[PROBLEM DETAILS] Output must consist only of the lines of the material below from the one with "And that's about" through the one with "Making a slice", each reproduced exactly; no pictures belong in it.
GIVEN DATA: Begin
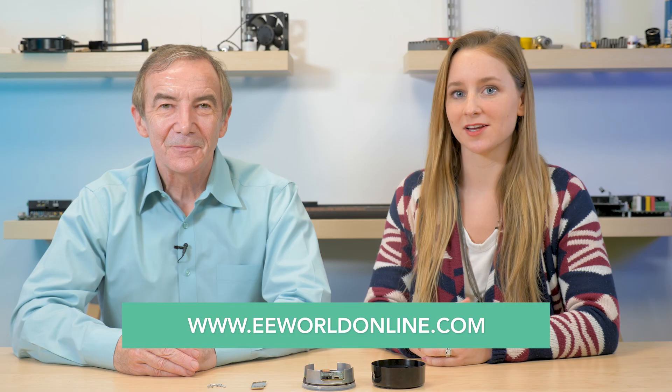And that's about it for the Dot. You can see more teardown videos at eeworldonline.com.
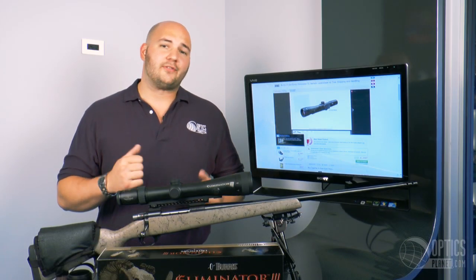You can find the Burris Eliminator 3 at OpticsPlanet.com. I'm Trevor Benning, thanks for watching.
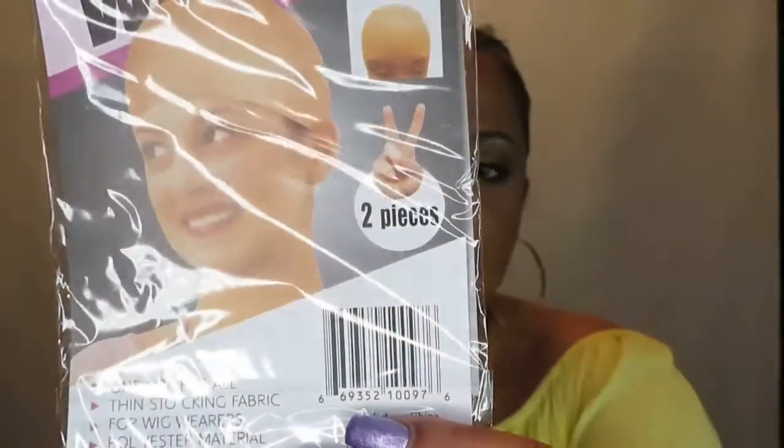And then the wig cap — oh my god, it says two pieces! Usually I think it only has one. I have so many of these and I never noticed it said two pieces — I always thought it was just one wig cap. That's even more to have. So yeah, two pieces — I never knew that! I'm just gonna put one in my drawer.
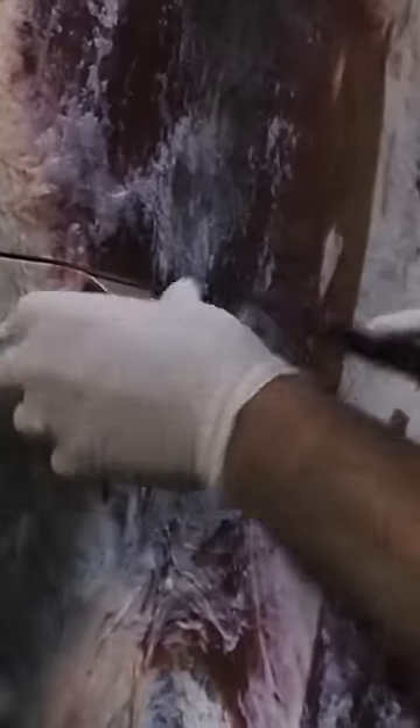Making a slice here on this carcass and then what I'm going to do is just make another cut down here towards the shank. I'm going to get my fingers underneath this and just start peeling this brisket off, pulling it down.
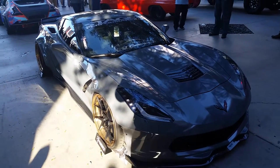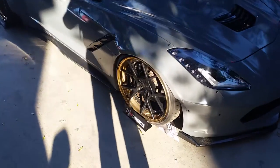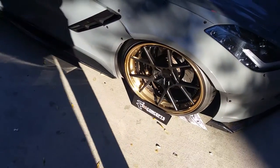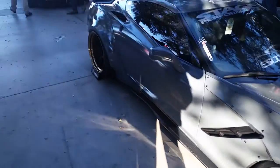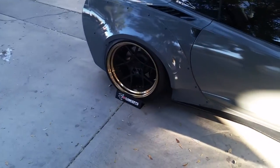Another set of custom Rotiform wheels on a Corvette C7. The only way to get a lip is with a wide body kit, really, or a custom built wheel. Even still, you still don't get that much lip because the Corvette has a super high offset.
GIVEN DATA: End
GIVEN DATA: Begin
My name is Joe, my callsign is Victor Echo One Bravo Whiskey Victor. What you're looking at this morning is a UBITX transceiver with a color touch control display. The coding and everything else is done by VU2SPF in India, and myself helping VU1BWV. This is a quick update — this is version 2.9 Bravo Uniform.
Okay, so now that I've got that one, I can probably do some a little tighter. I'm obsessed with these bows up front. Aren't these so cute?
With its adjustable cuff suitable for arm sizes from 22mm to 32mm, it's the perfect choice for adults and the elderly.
GIVEN DATA: End
[OUTPUT OF THE EXERCISE]
And that's about it for the Dot. You can see more teardown videos at eeworldonline.com.
You can find the Burris Eliminator 3 at OpticsPlanet.com. I'm Trevor Benning, thanks for watching.
And then the wig cap — oh my god, it says two pieces! Usually I think it only has one. I have so many of these and I never noticed it said two pieces — I always thought it was just one wig cap. That's even more to have. So yeah, two pieces — I never knew that! I'm just gonna put one in my drawer.
Making a slice here on this carcass and then what I'm going to do is just make another cut down here towards the shank. I'm going to get my fingers underneath this and just start peeling this brisket off, pulling it down.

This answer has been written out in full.